------ Provided data ------

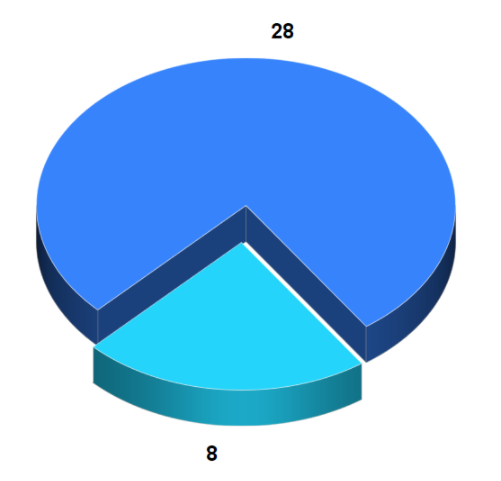 501x481 Most Super Bowl Participants Were Multi Sport Athletes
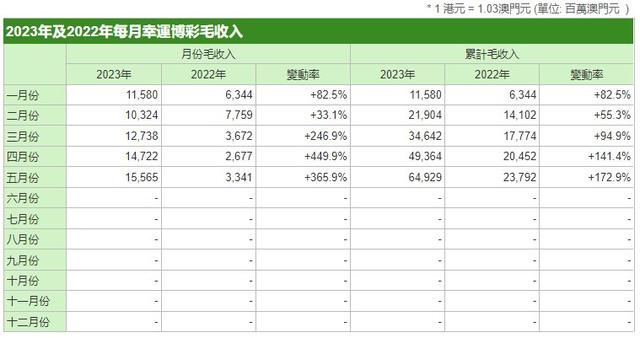 澳门彩今晚必中一肖的神秘面纱，理性与幸运的天平澳门彩今晚必中一肖一码二六深修五得道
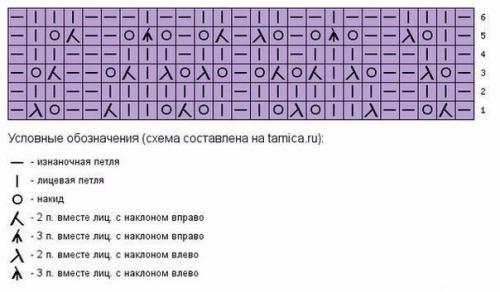 Ажурная шапочка и снуд, вязанные спицами. 02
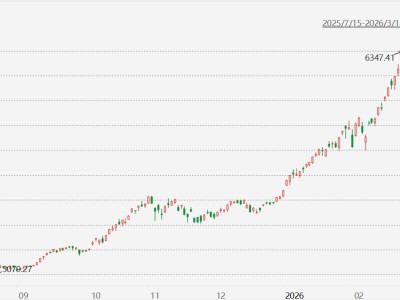 韩股暴涨超5%！三星和海力士均涨超7%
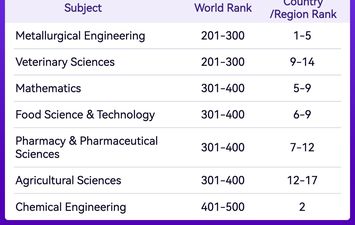 تصنيف شنغهاى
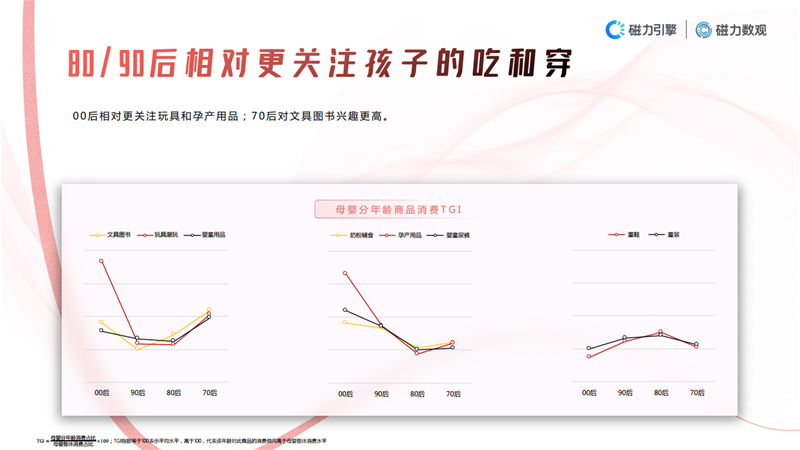 2021快手母婴行业数据价值报告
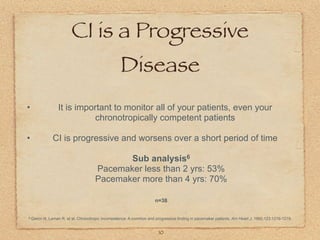 Chronotropic Incompetence | KEY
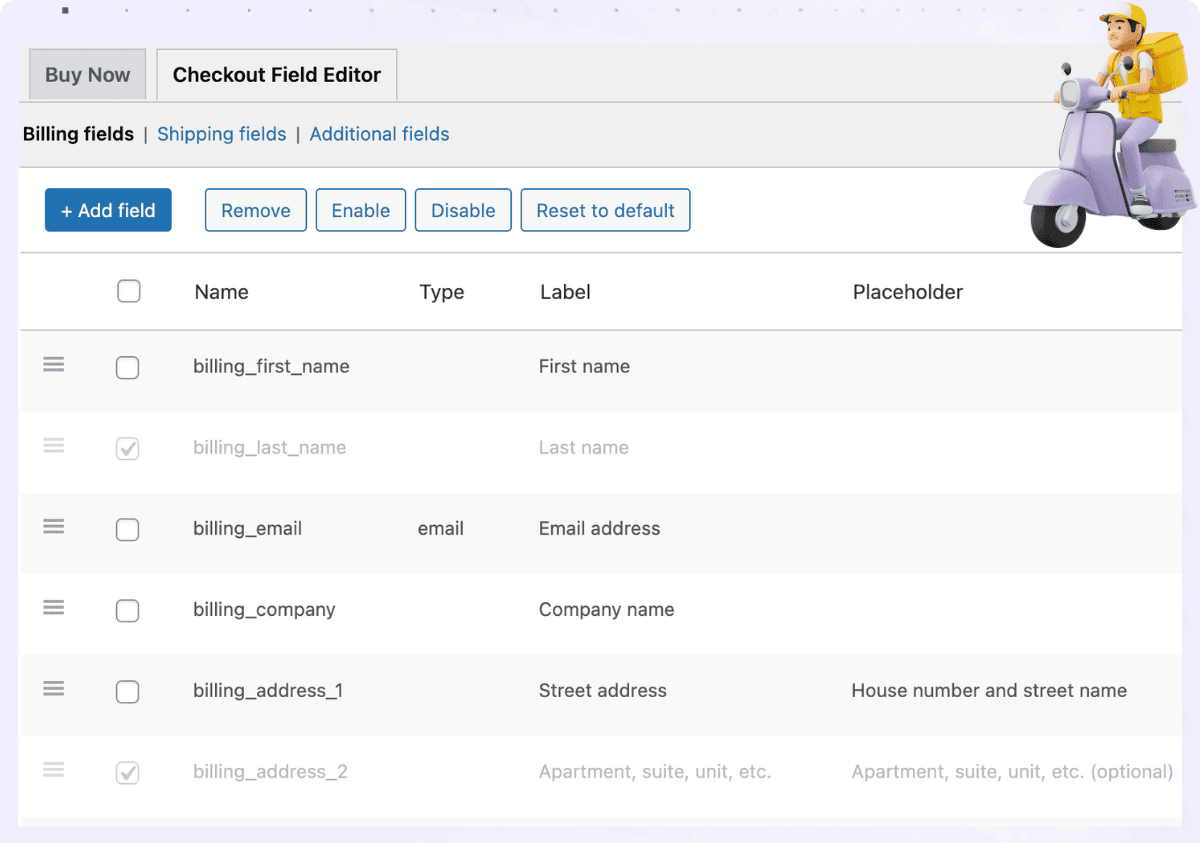 cashier core checkout fields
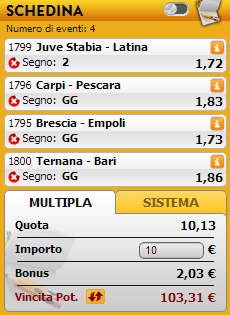 pronostici serie b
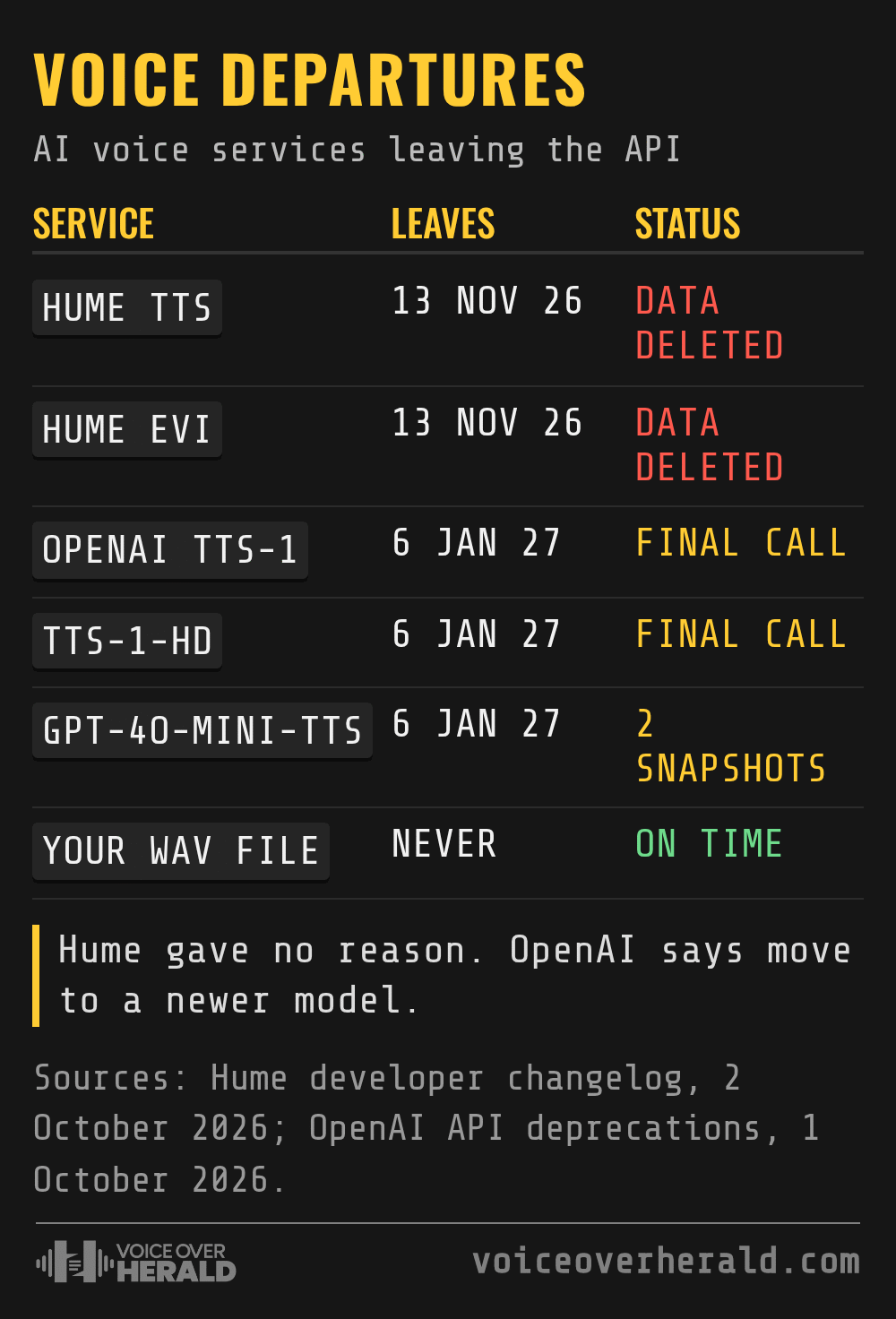Departures board of AI voice services leaving the API: Hume TTS and EVI on 13 November 2026 with data deleted, OpenAI tts-1, tts-1-hd and two gpt-4o-mini-tts snapshots on 6 January 2027, and your WAV file never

------

(What the exercise asks) Without the pictures, retype exactly the lines from the one that holds "تصنيف شنغهاى" to the last line of the data above, both of them included.

(Response for this exercise)
 تصنيف شنغهاى
 2021快手母婴行业数据价值报告
 Chronotropic Incompetence | KEY
 cashier core checkout fields
 pronostici serie b
Departures board of AI voice services leaving the API: Hume TTS and EVI on 13 November 2026 with data deleted, OpenAI tts-1, tts-1-hd and two gpt-4o-mini-tts snapshots on 6 January 2027, and your WAV file never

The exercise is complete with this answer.